Task description:
Write out the full set of records exactly. Any pictures in them do not belong in the copy.

Stored dataset items:

□ □ □

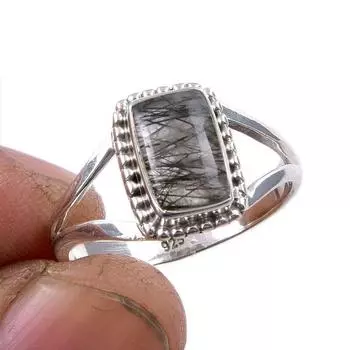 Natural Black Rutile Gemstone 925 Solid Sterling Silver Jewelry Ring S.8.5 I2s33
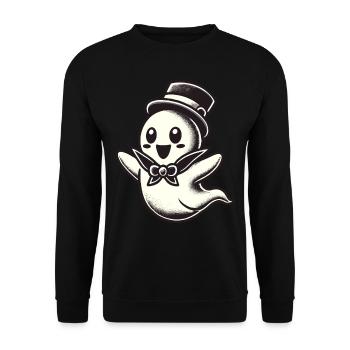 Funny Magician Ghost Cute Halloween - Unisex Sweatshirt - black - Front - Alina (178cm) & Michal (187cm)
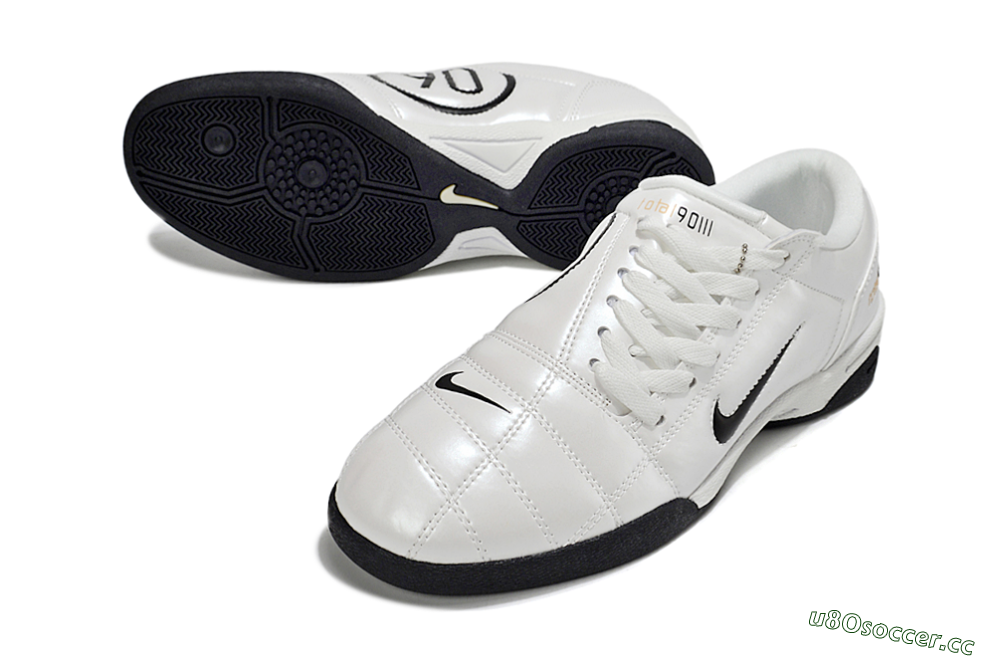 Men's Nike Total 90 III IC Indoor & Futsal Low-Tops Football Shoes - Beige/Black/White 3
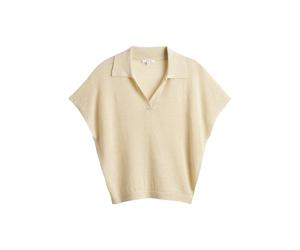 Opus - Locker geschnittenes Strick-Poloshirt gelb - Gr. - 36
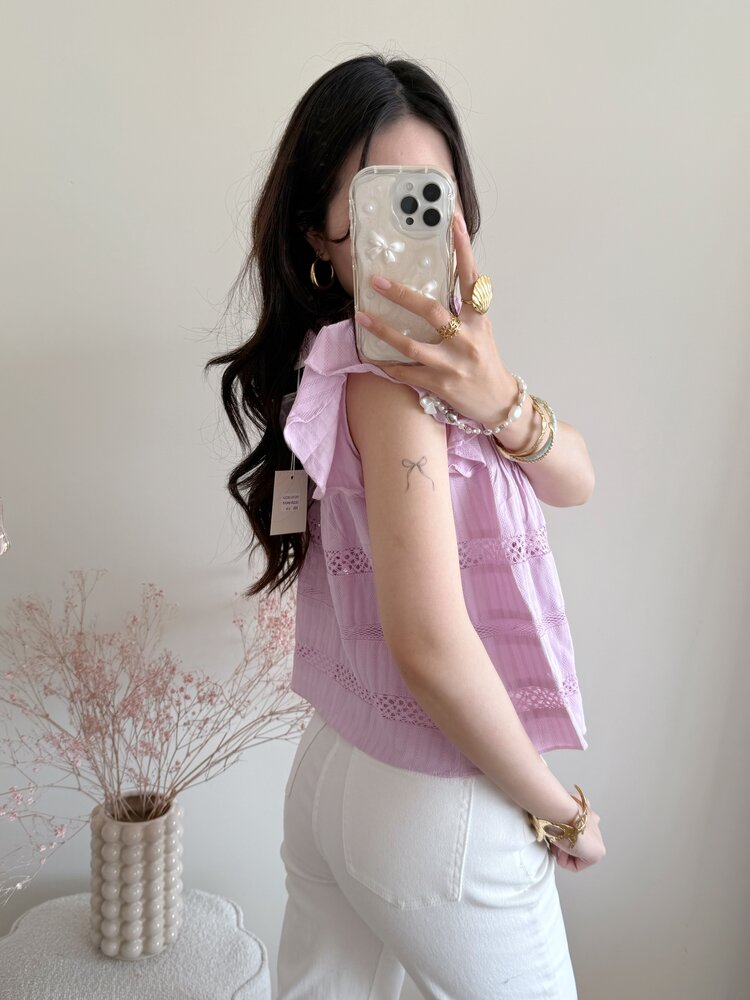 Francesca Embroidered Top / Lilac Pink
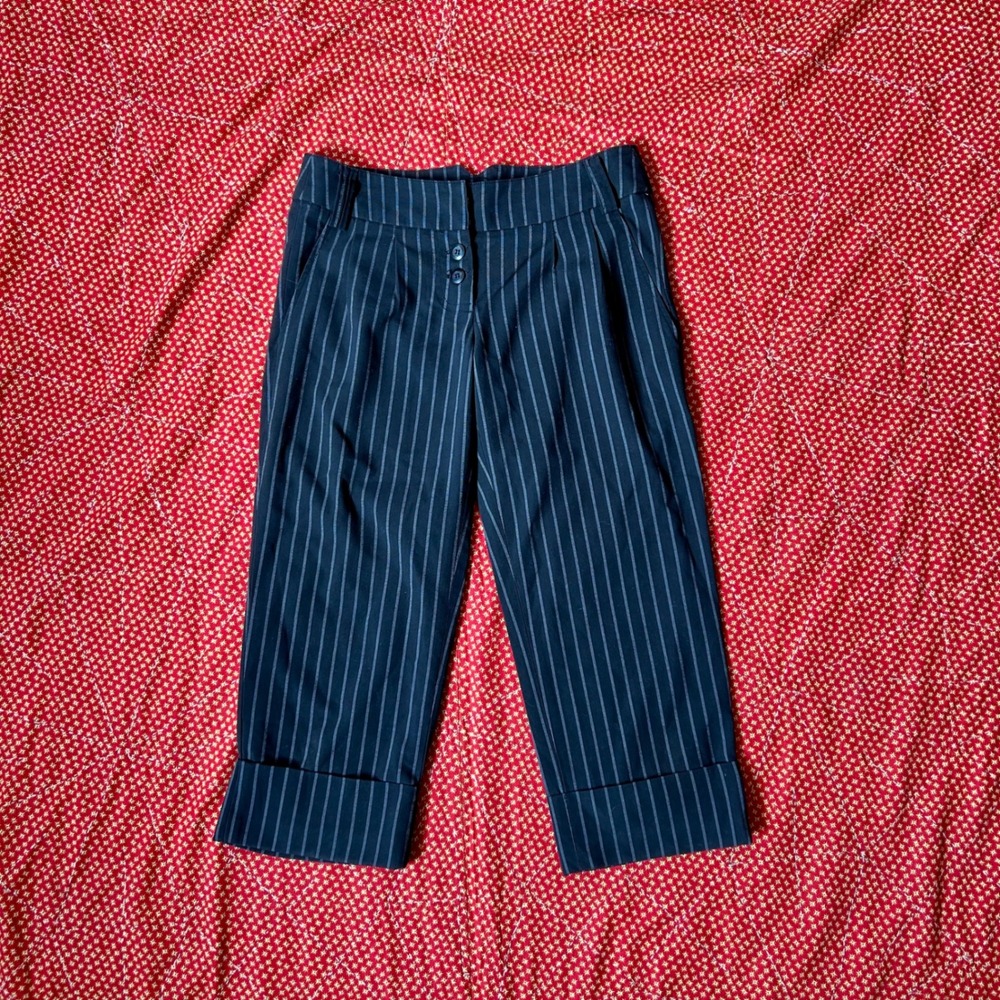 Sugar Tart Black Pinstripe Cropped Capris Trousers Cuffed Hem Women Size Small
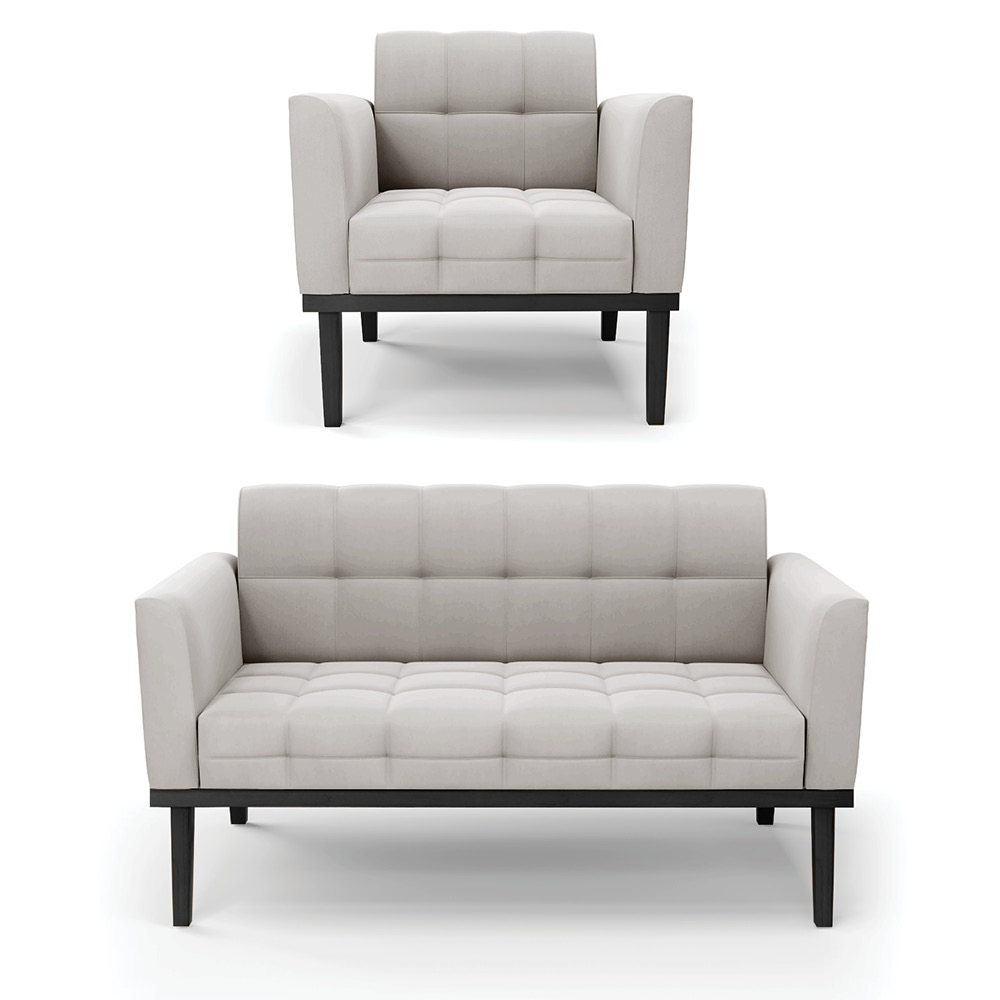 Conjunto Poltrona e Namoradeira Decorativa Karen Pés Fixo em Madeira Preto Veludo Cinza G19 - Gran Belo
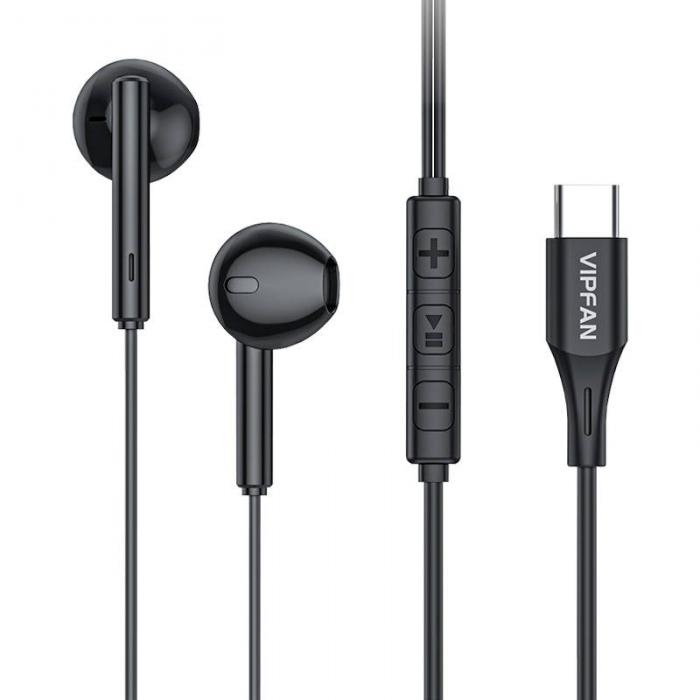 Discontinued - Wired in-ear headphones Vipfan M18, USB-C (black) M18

□ □ □

Solution to the exercise:
 Natural Black Rutile Gemstone 925 Solid Sterling Silver Jewelry Ring S.8.5 I2s33
 Funny Magician Ghost Cute Halloween - Unisex Sweatshirt - black - Front - Alina (178cm) & Michal (187cm)
 Men's Nike Total 90 III IC Indoor & Futsal Low-Tops Football Shoes - Beige/Black/White 3
 Opus - Locker geschnittenes Strick-Poloshirt gelb - Gr. - 36
 Francesca Embroidered Top / Lilac Pink
 Sugar Tart Black Pinstripe Cropped Capris Trousers Cuffed Hem Women Size Small
 Conjunto Poltrona e Namoradeira Decorativa Karen Pés Fixo em Madeira Preto Veludo Cinza G19 - Gran Belo
 Discontinued - Wired in-ear headphones Vipfan M18, USB-C (black) M18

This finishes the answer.